While I remember Sporeworld (I think) having pvc fittings around a hole cut in the screen, I haven't come up with those fittings when I have looked (I am quite unhappy with the hardware stores out here though).

Now, if you can cut a hole in your container (deli cup, for example) that is probably best.

However, if you can't. Or if an unexpected situation puts you in an odd place, then I have found recently that I can:

Make a circle of hot glue on one side of the screen (actually, it is mesh I have been working with)(you might want to draw the circle first)

Then mirror it on the other side when cooled.

Then repeating on both sides.

Then cut away the mesh inside the hot glue circle (this is hard, it is a small hole, but it does not need to be perfect).

Jam something in the hole to twist. I like a sharpie for this. This step grinds away the extra screen somewhat, and seems to put an edge on the glue.

Should be it, make a foam bung stopper and go about your business.

I have been making the first hot glue circle somewhat larger than the hole should be, as it will fill in a little with the successive layers of hot glue.

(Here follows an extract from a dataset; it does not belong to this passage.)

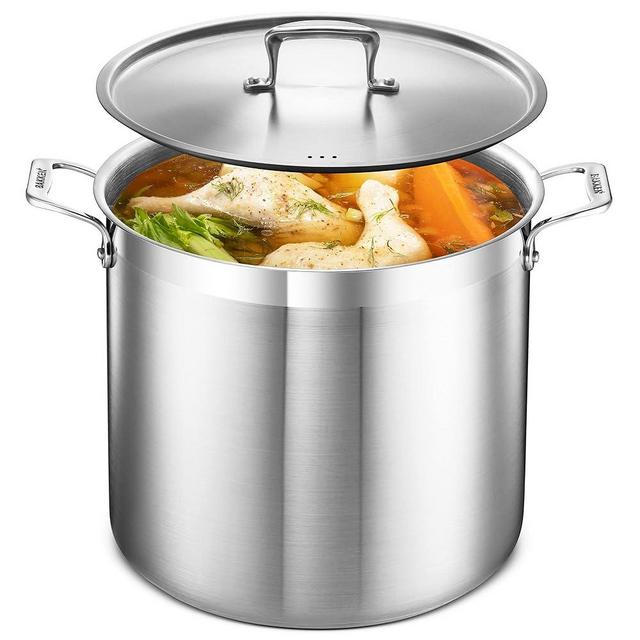 Stockpot – 20 Quart – Brushed Stainless Steel – Heavy Duty Induction Pot with Lid and Riveted Handles – For Soup, Seafood, Stock, Canning and for Catering for Large Groups and Events by BAKKEN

Again, this isn't a perfect solution, or rather, it solves problems that have been solved better in other ways. But as a panacea it is pretty nice.


----------



## sporeworld (Dec 6, 2010)

Yup!

I actually cut the mesh first, then put the glue on the edges. I really just use the fittings for reinforcement.


----------



## hibiscusmile (Dec 7, 2010)

Good idea!


----------



## Termite48 (Dec 24, 2010)

I wonder if one could cut off the neck of a plastic water or soda bottle, which has a twist off cap and hot glue that item into place. Then you have a twist off cap to use over and over and you could even hot glue a leash onto the cap and apply it to a place next to the bottle neck. Then it would not get lost. Just a thought that I will use soon.


----------



## PeterF (Dec 24, 2010)

I guess it depends on how much of the bottle you keep. I think if you used just the neck you might not have enough to hold while twisting the cap. Of course, if you don't put the cap on very tight it might work fine, if you trust the loose cap.

If you expand and use more of the bottle (another vertical inch or so) you might have more to grab. But a much larger footprint and a much larger hole in the screen.

Mostly unrelated. I recently glued the top of a 2 liter bottle onto the ring of a mason jar. This gives the mason jar an attached funnel that can be screwed off for filling the jar. I have been using it to apply small crickets to mantis jars, as they are very difficult for me to control.


----------